Dans le milieu sportif, comme dans le reste de la société, il y a encore beaucoup à faire pour mieux éduquer la population en ce qui a trait à la diversité, pense la professeure. «Les jeunes doivent comprendre que c’est une richesse plutôt que quelque chose qui s’oppose à eux. Il y a toutes sortes de vieux réflexes à changer, notamment dans le langage, et cela vaut aussi pour les parents dans les estrades.»

Il y a aussi l’intimidation, qui peut être physique, verbale ou virtuelle. Et le harcèlement, qui se définit comme une conduite offensante, méprisante, hostile, non désirée et, dans plusieurs cas, répétée. «Plus la personne se trouve dans un environnement compétitif, plus elle est à risque de subir du harcèlement, explique Urwana Coiquaud. C’est le cas aussi dans les milieux de travail et c’est surtout vrai lorsque la compétition est malsaine, par exemple, lorsqu’elle pousse les gens à se monter les uns contre les autres.»

La négligence, physique ou émotionnelle, est également à décrier. «C’est le cas, par exemple, quand un entraîneur ne protège pas un athlète blessé qui veut recommencer à s’entraîner avant même d’être guéri ou qui n’encourage pas de saines habitudes de vie», illustre la professeure.

Enfin, il y a les agressions sexuelles. «C’est le paroxysme de ce qui peut se produire de terrible dans la carrière d’un ou une athlète, remarque la chercheuse. Cela détruit tous les acquis extraordinaires d’une carrière sportive, comme la résilience et le sens de l’effort, qui sont d’ailleurs très recherchés sur le marché du travail.»

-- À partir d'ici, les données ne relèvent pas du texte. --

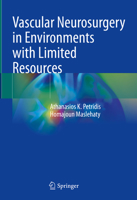 Vascular Neurosurgery in Environments with Limited Resources 3031596749 Book Cover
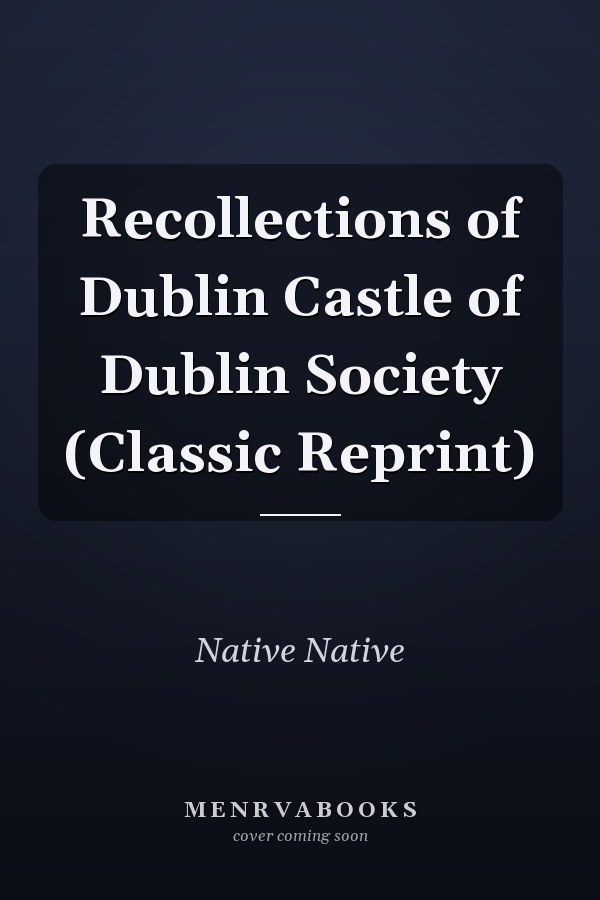Recollections of Dublin Castle of Dublin Society (Classic Reprint)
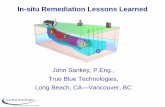 Slide 1 In-situ Remediation Lessons Learned · John Sankey, P.Eng., True Blue Technologies, Long Beach, CA—Vancouver, BC. Slide 2 In-situ Remediation Lessons Learned ... Resume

Les meilleures pratiques pour créer des milieux sains

En 2020, Isabelle Charest, ministre déléguée à l’Éducation et ministre responsable de la Condition féminine, a annoncé une aide financière de 1,4 million de dollars pour favoriser une pratique sportive sécuritaire. Pour assurer une analyse standardisée et objective des plaintes, l’ensemble des fédérations sportives québécoises ont adopté une politique de gestion des cas d’abus et de harcèlement, et créé un poste d’officier indépendant pour recevoir les griefs.

«Le Québec est à l’avant-garde de ce côté, affirme Urwana Coiquaud. Mettre en place un mécanisme commun de dénonciation est une bonne façon de contrer le manque de ressources des petites organisations. Il faut maintenant que les changements percolent dans tous les petits milieux, mais depuis dix ans, les avancées à cet égard sont majeures.»

La Commission des normes, de l’équité, de la santé et de la sécurité au travail a, pour sa part, créé un modèle de politique en matière de harcèlement psychologique ou sexuel au travail et de traitement des plaintes pour soutenir les employeurs – surtout les petits, qui n’ont pas cette expertise à l’interne.

«Tout le monde gagne lorsqu’on met en place des mesures de prévention et des séances de formation pour professionnaliser et soutenir les différents intervenants, affirme la professeure. Pour y arriver, le financement est essentiel. C’est ce qui permet de créer des milieux où les gens peuvent s’épanouir en toute sécurité.» Et les jeunes athlètes, comme les travailleurs, en ont grandement besoin.